Nelda F. Padgett’s mother was an Alzheimer’s patient at a nursing home when she fell from her shower chair, suffered serious injuries, and died a week later. Padgett sued the nursing home1 on behalf of her mother’s estate for pain and suffering and as next of kin for wrongful death damages, alleging that her mother’s injuries and death were caused by professional negligence, ordinary negligence, and breach of contract, and also on the theory that her mother’s statutory rights as a nursing home patient under the “Bill of Rights for Residents of Long-term Care Facilities,” OCGA § 31-8-100 et seq., had been violated. The trial court granted the nursing home’s motion for summary judgment on all grounds, and Padgett appeals. As detailed below, we find no genuine issues of material fact as to the claims for professional negligence, breach of contract, or breach of a duty under OCGA § 31-8-100 et seq., and we affirm the grant of summary judgment on those claims. We find, however, that genuine issues of material fact exist as to the claim for ordinary negligence, and we reverse the grant of summary judgment as to that claim.

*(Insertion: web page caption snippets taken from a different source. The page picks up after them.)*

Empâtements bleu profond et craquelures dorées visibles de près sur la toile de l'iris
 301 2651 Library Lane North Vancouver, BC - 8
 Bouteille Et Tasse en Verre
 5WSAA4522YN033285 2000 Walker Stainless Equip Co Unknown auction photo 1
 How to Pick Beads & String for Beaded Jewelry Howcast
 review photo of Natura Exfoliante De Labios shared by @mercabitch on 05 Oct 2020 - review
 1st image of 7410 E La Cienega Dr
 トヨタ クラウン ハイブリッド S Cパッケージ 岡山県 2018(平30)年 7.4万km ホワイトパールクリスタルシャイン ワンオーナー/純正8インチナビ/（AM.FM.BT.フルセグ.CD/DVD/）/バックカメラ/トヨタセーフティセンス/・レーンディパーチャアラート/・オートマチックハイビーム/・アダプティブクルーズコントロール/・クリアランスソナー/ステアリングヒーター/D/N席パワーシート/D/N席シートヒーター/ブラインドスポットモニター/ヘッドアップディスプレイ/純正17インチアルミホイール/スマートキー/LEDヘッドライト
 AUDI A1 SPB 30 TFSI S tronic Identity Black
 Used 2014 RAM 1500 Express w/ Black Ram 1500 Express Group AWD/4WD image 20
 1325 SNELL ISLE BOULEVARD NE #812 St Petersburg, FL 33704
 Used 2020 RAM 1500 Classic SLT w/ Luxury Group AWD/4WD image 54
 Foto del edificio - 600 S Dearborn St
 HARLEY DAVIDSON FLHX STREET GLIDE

“Summary judgment is proper when there is no genuine issue of material fact and the movant is entitled to judgment as a matter of [67]*67law.” (Citations and punctuation omitted.) Walker v. Gwinnett Hosp. System, 263 Ga. App. 554, 555 (588 SE2d 441) (2003). Atrial court’s grant of summary judgment is reviewed de novo on appeal, construing the evidence in the light most favorable to the nonmovant. Ethridge v. Davis, 243 Ga. App. 11, 12 (530 SE2d 477) (2000). Once the party moving for summary judgment has made a prima facie showing that it is entitled to judgment as a matter of law, the nonmovant must then come forward with rebuttal evidence sufficient to show the existence of a genuine issue of material fact. Weldon v. Del Taco Corp., 194 Ga. App. 174 (390 SE2d 87) (1990).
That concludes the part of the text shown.